*What the task requires:*
The answer must be every line below that holds the word "Female".

*Data:*
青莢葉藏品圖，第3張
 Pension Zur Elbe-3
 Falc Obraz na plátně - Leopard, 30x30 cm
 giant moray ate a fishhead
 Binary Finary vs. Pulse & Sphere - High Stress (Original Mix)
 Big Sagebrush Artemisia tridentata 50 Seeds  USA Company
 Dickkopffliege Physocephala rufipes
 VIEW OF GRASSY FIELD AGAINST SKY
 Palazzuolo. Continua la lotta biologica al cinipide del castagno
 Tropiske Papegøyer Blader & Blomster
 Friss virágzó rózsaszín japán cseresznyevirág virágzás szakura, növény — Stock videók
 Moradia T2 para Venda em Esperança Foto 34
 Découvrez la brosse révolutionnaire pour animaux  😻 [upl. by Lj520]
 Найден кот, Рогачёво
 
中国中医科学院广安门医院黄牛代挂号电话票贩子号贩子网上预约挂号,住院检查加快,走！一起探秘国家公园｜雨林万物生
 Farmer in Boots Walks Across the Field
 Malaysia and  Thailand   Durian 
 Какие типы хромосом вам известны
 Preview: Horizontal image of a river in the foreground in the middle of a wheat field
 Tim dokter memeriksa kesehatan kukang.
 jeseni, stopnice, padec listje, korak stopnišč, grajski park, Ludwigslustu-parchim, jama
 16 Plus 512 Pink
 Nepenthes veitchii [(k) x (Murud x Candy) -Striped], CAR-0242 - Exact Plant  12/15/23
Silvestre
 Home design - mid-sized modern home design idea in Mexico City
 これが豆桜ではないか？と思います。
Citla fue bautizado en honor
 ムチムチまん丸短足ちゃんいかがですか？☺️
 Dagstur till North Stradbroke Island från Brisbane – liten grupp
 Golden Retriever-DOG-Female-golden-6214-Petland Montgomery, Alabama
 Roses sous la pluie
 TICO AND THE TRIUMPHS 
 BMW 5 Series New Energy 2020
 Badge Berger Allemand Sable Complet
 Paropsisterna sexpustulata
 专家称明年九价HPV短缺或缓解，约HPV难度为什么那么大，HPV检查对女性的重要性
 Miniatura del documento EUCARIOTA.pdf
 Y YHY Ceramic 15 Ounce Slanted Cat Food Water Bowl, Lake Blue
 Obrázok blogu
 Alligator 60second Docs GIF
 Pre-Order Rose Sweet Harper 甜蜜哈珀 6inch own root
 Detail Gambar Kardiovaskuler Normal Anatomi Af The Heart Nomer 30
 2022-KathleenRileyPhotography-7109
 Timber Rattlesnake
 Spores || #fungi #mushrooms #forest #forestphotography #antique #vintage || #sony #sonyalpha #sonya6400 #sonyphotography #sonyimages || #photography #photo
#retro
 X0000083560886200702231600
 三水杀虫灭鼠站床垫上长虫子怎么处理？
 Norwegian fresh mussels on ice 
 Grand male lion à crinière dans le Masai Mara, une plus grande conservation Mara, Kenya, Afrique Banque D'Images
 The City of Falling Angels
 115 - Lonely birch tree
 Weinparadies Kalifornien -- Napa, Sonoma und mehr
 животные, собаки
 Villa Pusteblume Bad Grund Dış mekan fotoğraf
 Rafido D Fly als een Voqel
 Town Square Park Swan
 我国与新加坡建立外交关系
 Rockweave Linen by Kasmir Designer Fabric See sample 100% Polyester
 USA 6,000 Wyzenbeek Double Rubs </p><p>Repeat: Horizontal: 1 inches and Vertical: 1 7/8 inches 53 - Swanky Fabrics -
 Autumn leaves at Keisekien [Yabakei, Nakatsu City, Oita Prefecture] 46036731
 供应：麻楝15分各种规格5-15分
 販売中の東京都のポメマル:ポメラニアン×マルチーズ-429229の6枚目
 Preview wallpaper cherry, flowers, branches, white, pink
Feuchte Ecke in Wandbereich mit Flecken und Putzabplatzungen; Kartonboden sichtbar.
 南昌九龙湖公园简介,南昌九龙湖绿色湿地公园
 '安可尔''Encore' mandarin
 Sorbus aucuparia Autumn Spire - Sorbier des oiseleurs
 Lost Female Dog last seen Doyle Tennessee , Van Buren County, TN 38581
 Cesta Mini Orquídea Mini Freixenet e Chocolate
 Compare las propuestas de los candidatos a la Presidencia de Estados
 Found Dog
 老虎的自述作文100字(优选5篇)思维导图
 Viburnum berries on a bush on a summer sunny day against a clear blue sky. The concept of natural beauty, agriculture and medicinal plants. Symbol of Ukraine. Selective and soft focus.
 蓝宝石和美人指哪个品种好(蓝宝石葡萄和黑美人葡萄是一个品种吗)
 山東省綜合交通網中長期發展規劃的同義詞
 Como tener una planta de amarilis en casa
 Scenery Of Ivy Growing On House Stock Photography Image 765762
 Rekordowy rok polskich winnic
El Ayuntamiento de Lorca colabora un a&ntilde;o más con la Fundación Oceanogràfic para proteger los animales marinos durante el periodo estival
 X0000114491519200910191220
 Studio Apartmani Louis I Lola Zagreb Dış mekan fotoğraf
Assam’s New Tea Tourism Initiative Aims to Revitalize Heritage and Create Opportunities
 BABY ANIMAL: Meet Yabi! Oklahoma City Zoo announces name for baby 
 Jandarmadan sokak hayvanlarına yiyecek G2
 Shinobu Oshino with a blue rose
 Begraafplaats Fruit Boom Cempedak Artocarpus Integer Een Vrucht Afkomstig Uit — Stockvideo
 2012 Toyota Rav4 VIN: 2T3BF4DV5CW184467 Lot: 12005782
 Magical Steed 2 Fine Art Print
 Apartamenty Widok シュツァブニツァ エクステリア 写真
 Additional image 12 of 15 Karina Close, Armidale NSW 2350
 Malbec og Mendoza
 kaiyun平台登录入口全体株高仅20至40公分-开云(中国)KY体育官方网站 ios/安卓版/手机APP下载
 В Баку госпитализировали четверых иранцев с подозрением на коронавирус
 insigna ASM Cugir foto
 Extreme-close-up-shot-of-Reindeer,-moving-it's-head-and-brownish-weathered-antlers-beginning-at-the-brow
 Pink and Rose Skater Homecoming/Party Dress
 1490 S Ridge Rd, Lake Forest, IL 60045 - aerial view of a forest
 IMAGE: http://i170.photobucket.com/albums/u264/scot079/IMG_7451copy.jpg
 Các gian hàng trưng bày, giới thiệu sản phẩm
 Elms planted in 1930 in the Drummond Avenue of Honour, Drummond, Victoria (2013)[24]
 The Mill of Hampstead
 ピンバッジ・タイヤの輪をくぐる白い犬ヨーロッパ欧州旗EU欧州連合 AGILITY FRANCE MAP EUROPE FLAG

*Response to this task:*
 Golden Retriever-DOG-Female-golden-6214-Petland Montgomery, Alabama
 Lost Female Dog last seen Doyle Tennessee , Van Buren County, TN 38581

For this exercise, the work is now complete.